What does it mean for me?

An ‘extension’ involves the surrender of the existing lease as part of the consideration for the grant of a new lease, although normally due to the ESC D39 any gain to the leaseholder would be exempt from capital gains tax.

What can I take away?

The lessees of flats rarely own ‘a share in the freehold’. If lessees are made better aware of the tax effect of the current structure, they might consider exercising their right to buy the freehold. There are similar tax effects to those that arise when extending their leases.

When marketing a flat, estate agents will often say that the seller also has a share in the freehold. In practice, however, that is rarely so. The seller actually has a share in the company that owns the freehold. Typically, there will be one share for each flat’s lessee(s) and the directors will be some or all of the lessees. The difference is very significant, especially for tax purposes. 

In most cases, the company owning the freehold will collect service charges and meet the costs of providing services to a building. Generally, these amounts are held in trust under the Landlord and Tenant Act 1987 s 42. The company’s own revenue should be confined to any ground rents payable. 

Problems arise if a lessee wants to extend their lease. The remaining tenure of many flats built in the latter part of the 20th century is getting close to the 60 years that many lenders see as offering the minimum security.

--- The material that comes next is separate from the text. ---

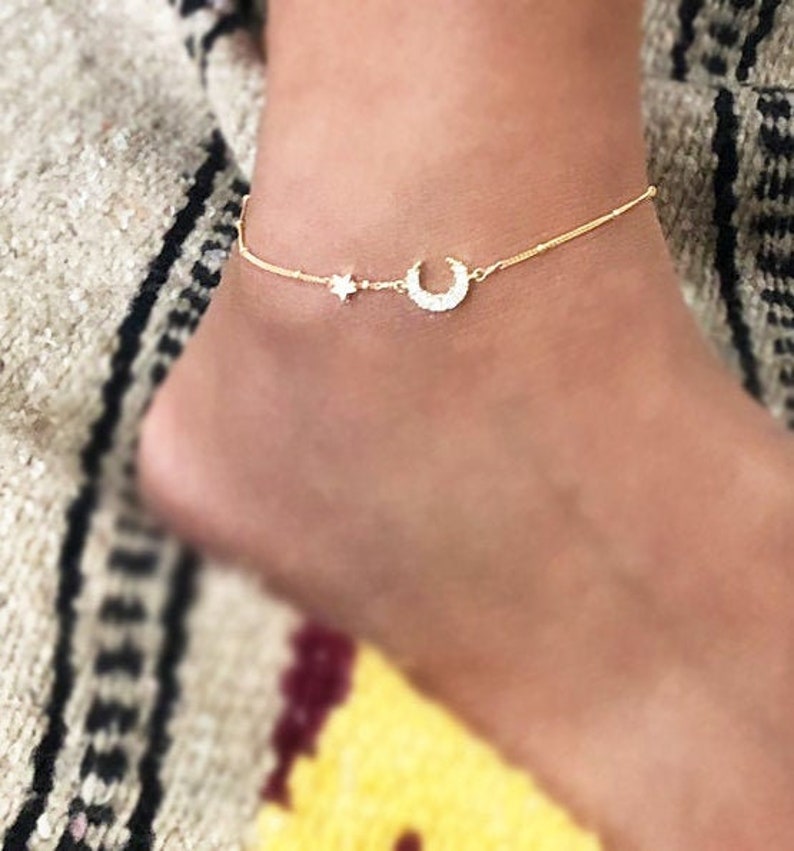 Dainty Crescent Moon Anklet Moon and star Anklet 18K Gold Etsy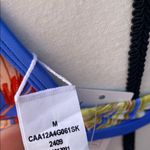 Cupshe Woman’s Halter Blue and Orange Stitch Bikini Top Cut Out Size Medium Photo 4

Concession for qualifying tenants

In England and Wales, the Leasehold Reform, Housing and Urban Development Act 1993 s 39 gives anyone who has been a ‘qualifying tenant’ [one with a long lease] of a flat for at least two years the right to a new lease at a peppercorn rent expiring 90 years after the term date of his existing lease, in return for a premium determined by a formula set out in Sch13 of that Act.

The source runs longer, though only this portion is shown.